Ascoli F, Gratton E, Riva F, Fasella P, Brunori M
Biochim Biophys Acta. 1978 Apr 26;533(2):534-7. doi: 10.1016/0005-2795(78)90400-2.
The infrared spectra of the carbomonoxy derivatives of the hemoglobin components I and IV from trout have been measured in the CO stretching frequency region using a high resolution infrared spectrometer. The CO stretching frequency of Hb I CO is very close to that of carbomonoxy human hemoglobin and is pH-independent. In contrast, the CO stretching frequency of Hb IV CO is higher and shows a small but significant pH dependence in the range 6.2-7.8. These results point to a decreased strength of the iron-CO bond in Hb IV CO at low pH, in agreement with the conclusions drawn from the reported difference spectra of Hb IV CO as a function of pH.

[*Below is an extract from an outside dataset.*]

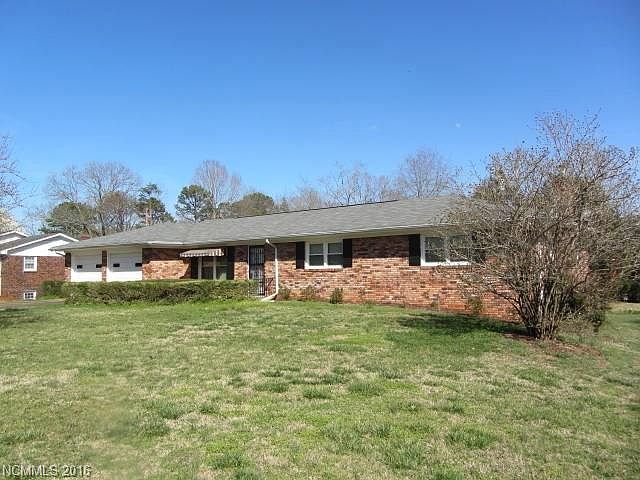 1st image of 231 Lakeside Dr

利用高分辨率红外光谱仪,在一氧化碳伸缩频率区域测量了虹鳟血红蛋白组分I和IV的碳氧单氧基衍生物的红外光谱。血红蛋白I碳氧单氧基(Hb I CO)的一氧化碳伸缩频率与碳氧单氧基人血红蛋白的非常接近,且与pH无关。相比之下,血红蛋白IV碳氧单氧基(Hb IV CO)的一氧化碳伸缩频率较高,并且在6.2 - 7.8范围内显示出微小但显著的pH依赖性。这些结果表明,在低pH值下,Hb IV CO中铁 - 一氧化碳键的强度降低,这与根据报道的Hb IV CO随pH变化的差示光谱得出的结论一致。